Snowdon - 1/20/22 - Reading Aloud in the Library of Alexandria
1/20/22
Today, I was thinking about our discussion in class, regarding how “the Library of Alexandria was probably one of the louder places in the ancient world,” due to the fact that, at that time, everybody would have read aloud. This really boggled my mind; one of those moments where I went right to my parents (a benefit of online learning) to drop that fun fact on them. It reminded me, even though it is not directly related, to some reading I did, though I can’t remember where, of a story of the first time Chinese court officials tried on a pair of glasses in the 16th century, brought there by a Portuguese emissary. The lines that I remember include one old man remarking that he could “see the small edges of things again” and “read with only the light from the window, like when I was a young man.” I suppose that this story made me think of that one due to the fact that they both seem so hard to imagine for we modern observers, but serve as clear reminders that times do change.

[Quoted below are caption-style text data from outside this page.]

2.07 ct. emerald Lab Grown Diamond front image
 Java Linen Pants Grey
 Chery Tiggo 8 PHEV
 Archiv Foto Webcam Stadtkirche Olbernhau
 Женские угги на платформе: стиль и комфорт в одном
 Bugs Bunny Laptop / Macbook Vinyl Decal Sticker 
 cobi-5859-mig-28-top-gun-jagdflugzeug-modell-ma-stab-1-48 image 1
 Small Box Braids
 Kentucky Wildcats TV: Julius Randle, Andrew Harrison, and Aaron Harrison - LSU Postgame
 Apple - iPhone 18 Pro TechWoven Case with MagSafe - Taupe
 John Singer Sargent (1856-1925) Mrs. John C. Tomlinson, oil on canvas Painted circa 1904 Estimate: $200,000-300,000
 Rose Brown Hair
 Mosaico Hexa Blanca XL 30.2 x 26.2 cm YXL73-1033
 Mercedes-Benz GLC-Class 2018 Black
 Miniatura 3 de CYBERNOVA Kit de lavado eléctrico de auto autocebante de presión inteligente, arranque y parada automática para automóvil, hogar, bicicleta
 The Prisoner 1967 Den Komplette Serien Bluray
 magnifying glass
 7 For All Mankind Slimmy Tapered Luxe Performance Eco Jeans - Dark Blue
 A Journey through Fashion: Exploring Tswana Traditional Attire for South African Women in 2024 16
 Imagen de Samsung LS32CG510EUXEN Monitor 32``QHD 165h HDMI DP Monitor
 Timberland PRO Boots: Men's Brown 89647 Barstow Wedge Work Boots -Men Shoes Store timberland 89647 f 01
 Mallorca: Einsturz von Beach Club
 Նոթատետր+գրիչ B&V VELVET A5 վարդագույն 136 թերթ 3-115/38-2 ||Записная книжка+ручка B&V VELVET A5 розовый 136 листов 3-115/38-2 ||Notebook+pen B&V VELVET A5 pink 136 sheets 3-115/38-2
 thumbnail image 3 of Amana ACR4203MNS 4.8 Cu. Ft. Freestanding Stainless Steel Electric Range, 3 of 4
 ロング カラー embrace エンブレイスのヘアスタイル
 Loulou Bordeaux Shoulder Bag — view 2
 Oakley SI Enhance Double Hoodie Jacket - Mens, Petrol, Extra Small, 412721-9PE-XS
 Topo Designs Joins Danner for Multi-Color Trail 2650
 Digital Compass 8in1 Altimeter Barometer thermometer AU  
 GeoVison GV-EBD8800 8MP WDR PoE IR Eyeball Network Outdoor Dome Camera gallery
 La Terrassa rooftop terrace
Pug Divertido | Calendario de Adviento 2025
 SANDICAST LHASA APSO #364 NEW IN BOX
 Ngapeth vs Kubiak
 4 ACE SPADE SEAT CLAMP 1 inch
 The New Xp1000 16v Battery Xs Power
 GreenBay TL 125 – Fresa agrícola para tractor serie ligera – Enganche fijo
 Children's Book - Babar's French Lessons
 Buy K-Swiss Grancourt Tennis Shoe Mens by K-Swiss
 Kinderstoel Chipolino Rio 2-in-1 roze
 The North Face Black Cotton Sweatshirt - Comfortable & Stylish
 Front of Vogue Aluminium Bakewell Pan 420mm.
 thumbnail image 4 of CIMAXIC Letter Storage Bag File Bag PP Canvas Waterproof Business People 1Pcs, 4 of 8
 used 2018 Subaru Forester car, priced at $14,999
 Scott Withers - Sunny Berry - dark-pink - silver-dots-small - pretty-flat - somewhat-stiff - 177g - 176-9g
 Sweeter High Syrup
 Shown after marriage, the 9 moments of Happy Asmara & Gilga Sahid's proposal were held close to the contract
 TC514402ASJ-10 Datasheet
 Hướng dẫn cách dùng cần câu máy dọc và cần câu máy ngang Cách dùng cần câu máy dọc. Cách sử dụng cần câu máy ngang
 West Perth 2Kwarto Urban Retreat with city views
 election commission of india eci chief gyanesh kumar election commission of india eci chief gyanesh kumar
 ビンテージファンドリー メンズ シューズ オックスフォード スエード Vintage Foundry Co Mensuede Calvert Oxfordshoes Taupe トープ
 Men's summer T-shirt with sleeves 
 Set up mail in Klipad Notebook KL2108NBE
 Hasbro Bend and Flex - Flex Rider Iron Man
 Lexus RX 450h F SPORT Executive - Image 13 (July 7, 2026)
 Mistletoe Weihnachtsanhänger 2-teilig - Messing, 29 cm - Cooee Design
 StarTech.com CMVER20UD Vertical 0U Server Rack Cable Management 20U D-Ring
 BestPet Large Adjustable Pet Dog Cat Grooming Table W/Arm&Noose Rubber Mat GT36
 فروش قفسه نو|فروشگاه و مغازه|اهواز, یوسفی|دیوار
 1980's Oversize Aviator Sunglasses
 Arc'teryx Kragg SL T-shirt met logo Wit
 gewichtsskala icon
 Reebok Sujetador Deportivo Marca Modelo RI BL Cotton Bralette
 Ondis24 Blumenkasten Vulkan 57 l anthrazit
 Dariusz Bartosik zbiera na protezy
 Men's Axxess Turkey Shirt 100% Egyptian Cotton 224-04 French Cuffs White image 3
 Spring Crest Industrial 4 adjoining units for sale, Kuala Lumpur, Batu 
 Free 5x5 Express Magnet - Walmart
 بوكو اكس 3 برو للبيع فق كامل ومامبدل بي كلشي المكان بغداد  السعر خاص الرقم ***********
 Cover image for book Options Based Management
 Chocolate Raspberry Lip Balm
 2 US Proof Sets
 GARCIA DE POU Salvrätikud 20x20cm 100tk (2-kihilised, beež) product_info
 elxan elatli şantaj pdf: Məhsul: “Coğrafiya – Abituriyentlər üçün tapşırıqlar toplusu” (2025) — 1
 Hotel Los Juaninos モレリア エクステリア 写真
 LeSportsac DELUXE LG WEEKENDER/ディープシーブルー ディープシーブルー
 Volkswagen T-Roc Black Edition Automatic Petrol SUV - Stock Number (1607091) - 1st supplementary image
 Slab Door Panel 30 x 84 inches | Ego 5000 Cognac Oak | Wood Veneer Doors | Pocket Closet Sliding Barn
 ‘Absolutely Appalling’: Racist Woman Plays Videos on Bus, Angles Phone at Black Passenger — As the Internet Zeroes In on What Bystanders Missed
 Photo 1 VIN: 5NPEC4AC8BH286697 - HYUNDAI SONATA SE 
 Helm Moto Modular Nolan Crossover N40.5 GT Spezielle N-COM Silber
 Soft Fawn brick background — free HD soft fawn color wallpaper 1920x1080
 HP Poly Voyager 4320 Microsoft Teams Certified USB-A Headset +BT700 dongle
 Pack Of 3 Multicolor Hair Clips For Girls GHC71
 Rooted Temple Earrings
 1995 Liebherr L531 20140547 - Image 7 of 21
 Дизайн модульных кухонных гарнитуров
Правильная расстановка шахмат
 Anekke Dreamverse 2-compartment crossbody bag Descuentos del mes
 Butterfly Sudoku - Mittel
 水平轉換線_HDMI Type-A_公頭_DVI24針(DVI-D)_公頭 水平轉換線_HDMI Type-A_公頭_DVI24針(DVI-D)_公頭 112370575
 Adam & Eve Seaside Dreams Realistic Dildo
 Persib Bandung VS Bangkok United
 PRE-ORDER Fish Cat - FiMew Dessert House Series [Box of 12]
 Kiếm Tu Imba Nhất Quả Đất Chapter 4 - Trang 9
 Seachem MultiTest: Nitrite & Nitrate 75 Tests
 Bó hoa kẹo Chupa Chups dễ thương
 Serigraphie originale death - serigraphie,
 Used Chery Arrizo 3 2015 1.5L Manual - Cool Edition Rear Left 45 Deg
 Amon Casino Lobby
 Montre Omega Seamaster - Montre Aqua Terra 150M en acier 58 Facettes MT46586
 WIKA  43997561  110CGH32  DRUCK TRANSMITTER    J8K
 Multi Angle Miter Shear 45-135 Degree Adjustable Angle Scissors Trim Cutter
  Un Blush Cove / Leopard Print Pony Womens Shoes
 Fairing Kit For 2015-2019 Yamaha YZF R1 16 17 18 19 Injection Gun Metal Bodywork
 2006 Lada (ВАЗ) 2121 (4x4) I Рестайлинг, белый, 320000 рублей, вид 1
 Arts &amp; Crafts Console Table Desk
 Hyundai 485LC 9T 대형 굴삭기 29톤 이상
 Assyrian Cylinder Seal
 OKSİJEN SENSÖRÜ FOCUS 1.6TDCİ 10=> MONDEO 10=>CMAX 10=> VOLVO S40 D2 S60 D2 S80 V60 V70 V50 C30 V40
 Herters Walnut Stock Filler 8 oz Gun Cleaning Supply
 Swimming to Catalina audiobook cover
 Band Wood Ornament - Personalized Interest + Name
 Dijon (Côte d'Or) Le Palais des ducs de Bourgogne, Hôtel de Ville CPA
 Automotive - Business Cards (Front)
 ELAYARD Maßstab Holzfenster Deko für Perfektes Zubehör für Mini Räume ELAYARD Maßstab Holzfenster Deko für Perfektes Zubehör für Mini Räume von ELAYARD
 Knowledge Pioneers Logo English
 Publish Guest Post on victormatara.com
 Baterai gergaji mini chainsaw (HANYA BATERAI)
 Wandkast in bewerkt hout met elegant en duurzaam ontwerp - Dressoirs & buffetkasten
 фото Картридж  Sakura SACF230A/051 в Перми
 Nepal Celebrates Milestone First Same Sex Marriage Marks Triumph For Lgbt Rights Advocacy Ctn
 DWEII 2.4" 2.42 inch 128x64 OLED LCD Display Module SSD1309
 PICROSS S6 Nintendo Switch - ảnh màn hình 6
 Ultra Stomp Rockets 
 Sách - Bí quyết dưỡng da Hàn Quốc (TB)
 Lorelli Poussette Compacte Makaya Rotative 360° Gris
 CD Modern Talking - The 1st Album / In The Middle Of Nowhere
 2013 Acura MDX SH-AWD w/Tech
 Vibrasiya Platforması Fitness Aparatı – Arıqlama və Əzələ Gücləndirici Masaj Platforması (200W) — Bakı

As laid out in class, the story about the Library of Alexandria testifies most loudly to the fact that written language really has a strong effect on the entire development of a person’s mindset towards life, and towards the concept of information, as vague as that sounds. In seeing how long that people, even after being exposed to written language for the first time, began to regularly process it internally, rather than reading it or hearing it aloud, seems to show how ingrained in our minds that method of collecting information had been, and continued to be.